Enhancing Electrocatalytic Ammonia Oxidation Using Super-Concentrated Electrolytes

The electrocatalytic ammonia oxidation reaction (EAOR) holds significant promise for energy conversion and wastewater treatment applications. However, even the most active Pt-based catalysts are constrained by high overpotentials and poor stability, which hinder their practical implementation. Despite extensive efforts to improve catalyst performance, progress has remained limited. In this study, we propose a simple yet effective strategy utilizing super-concentrated electrolytes to enhance EAOR performance. By increasing the KOH concentration from 1 M to near saturation, we achieve a nearly 150 mV reduction in onset potential for pristine Pt catalyst (0.43 V vs RHE), which is among the lowest ones reported for EAOR to date.

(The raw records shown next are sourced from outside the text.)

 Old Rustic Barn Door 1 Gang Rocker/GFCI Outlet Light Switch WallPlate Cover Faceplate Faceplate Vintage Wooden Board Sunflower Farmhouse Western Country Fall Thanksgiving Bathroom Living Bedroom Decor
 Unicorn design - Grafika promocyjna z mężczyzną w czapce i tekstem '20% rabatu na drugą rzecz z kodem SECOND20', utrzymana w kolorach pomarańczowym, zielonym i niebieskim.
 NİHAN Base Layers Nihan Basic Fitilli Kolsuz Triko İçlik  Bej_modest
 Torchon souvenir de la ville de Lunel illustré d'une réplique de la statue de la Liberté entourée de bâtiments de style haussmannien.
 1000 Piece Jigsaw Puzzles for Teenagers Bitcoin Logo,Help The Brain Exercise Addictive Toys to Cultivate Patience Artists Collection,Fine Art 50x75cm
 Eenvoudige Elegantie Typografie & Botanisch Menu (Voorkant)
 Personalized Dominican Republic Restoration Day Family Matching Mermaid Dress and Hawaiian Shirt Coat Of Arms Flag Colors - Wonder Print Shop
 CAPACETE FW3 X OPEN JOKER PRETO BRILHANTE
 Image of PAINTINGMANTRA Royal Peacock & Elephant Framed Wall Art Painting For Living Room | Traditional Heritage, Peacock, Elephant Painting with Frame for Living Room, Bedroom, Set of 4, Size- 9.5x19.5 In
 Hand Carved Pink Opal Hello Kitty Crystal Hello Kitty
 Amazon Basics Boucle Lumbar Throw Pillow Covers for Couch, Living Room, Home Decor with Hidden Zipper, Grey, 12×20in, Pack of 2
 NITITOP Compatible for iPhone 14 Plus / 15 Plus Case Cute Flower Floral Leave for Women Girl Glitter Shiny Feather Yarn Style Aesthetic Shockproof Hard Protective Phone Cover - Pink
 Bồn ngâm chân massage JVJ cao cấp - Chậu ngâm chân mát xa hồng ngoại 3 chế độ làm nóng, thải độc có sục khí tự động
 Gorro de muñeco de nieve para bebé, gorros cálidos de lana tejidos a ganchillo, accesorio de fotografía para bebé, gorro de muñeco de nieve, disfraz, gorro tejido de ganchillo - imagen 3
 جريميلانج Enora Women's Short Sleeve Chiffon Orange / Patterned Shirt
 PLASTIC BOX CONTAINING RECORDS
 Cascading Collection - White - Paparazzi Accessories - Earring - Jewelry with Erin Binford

Moreover, this is accompanied by a 6.5-fold increase in peak current density and a nearly 100-fold extension in stable operating time. These substantial enhancements are attributed to the unique solution structure of super-concentrated electrolytes, which markedly differs from that of dilute solutions. In these concentrated media, the hydrogen-bonding network is altered, leading to the formation of highly nucleophilic H₃O₂⁻ species. These species effectively lower the activation energy for NH₃ deprotonation, thereby reducing the onset potential of EAOR and significantly boosting current density. Additionally, H₃O₂⁻ species promote the conversion of EAOR intermediates, preventing their accumulation, and thus improving EAOR stability. This super-concentration strategy is also applicable to non-noble metal catalysts, demonstrating its broad applicability for enhancing EAOR.